先進国から東南アジアへの廃プラ押し付けは許さない
My Country Is Not A Dumping Ground
プラごみも同条約の規制対象に含めるとする改正案が今年5月に採択されたが、発効は21年1月。それまではクリーンですぐにリサイクル可能なプラごみも、そうでないものが交じった汚染ごみも区別されない。
まだ国際的枠組みがなくても、汚染されたごみをマレーシアに輸出している国々はその適切な処理に道義的義務を負うべきだ。
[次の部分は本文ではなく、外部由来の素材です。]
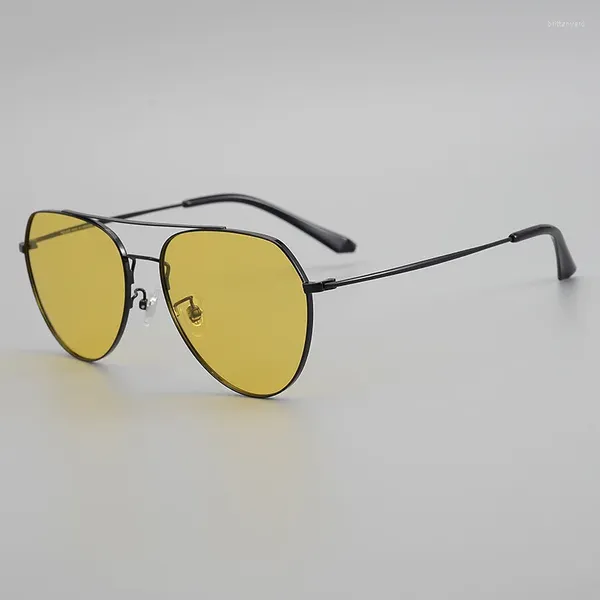 Lunettes de soleil mode hommes alliage vision nocturne jaune pour la conduite pêche randonnée polarisée originale dames lunettes de soleil UV400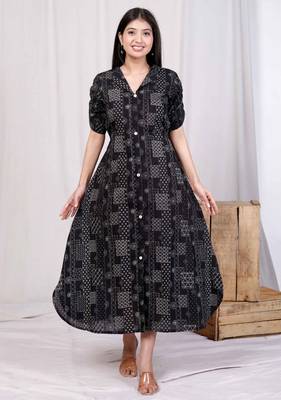  womens cotton black floral printed front button a-line midi dress 3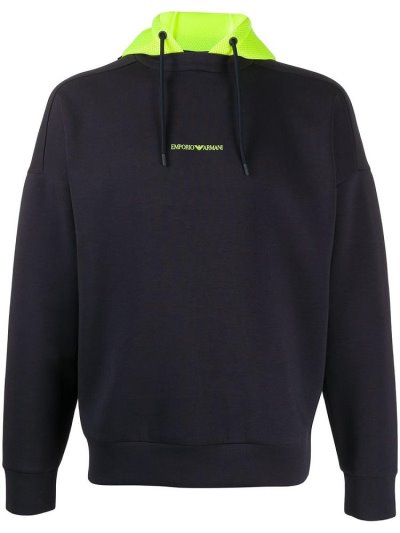 Πουλόβερ Armani Emporio Κουκουλοφόρος Logo ανδρικα μπλε | GR30537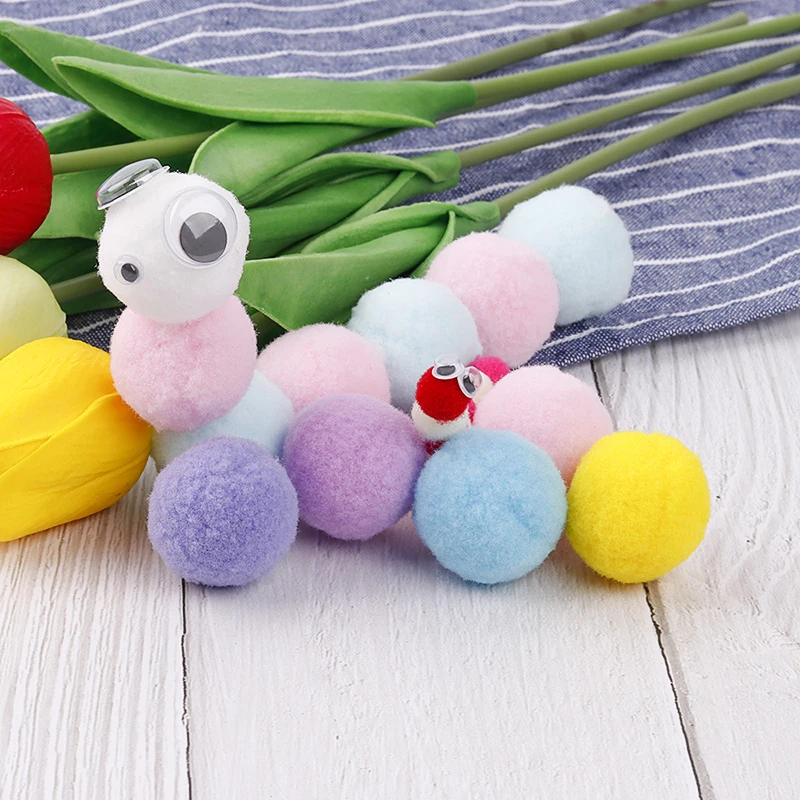 35 шт. меховой плюшевый шар DIY ремесло для детей Пазлы искусственный цветок помпон
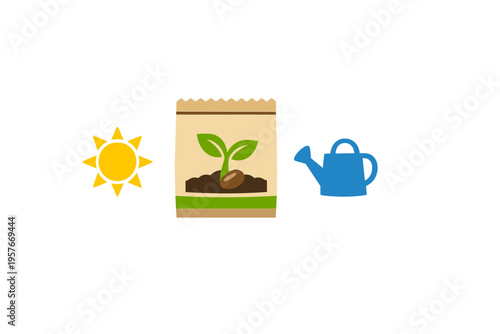 A flat vector illustration showing three essential elements for plant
例えばバーゼル条約によれば、輸出国は国内の廃棄物を輸出する前に相手国の承諾を得なければならない。私が目にした大量のプラスチックごみの受け入れにマレーシアが同意していないにもかかわらず、輸出国は何の責任も取らず、後始末をわれわれだけに押し付けている。
「国際リサイクル」は幻想
輸出国の明確な協力はまだ得られていないが、わが国は今後も相手国政府に働き掛けていく。意識は向上しており、バーゼル条約の精神を締約国が遵守する日が必ず来ると信じている。
中国のプラスチックごみ禁輸措置は、プラスチック再利用とプラスチックごみの国境を越えた移動をめぐる危機への取り組みが急務であることを世界に気付かせた。結局、ごみを分別するのと実際にリサイクルするのとでは大違いなのだ。
先進国ではごみを自国でリサイクルするより、地球の裏側にある途上国に輸出して「リサイクル」した気になったほうが、いまだに安上がりだ。リサイクルと環境保護というのは幻想にすぎない。廃棄物の大部分は捨てっ放しか違法に再利用されている。国際リサイクルが環境に優しい方法で行われるよう総合的に監視する必要がある。
さもないと米環境保護局(EPA)などからのリサイクル助成金は問題を悪化させるだけだろう。「国際リサイクル」とは名ばかりで、実際には最大規模のプラスチックごみ投棄だ。
環境に配慮して真面目にごみを分別している人々の努力も水の泡だ。せっかく分別したごみが違法再生処理工場で焼却されたり、海に投棄される。
世界の総人口は50年には97億に達する見込みだ。このまま生産、消費、「リサイクル」を続けたらどうなるか、考えるだけで恐ろしい。プラごみのリサイクル率は世界全体で10%未満。適切な分別基準も未分別の汚染されたプラごみをリサイクルする技術もない国が多いのだ。
この問題に取り組むには国際協力が必要だ。プラごみの輸出入を監視・管理する枠組みを作り、世界全体のリサイクル率を向上させなければならない。石油系の使い捨てプラスチック包装を環境に優しい材質に変える必要もある。世界が力を合わせれば、必ず危機を乗り越え、グリーン産業の新たな成長のチャンスも生み出せるはずだ。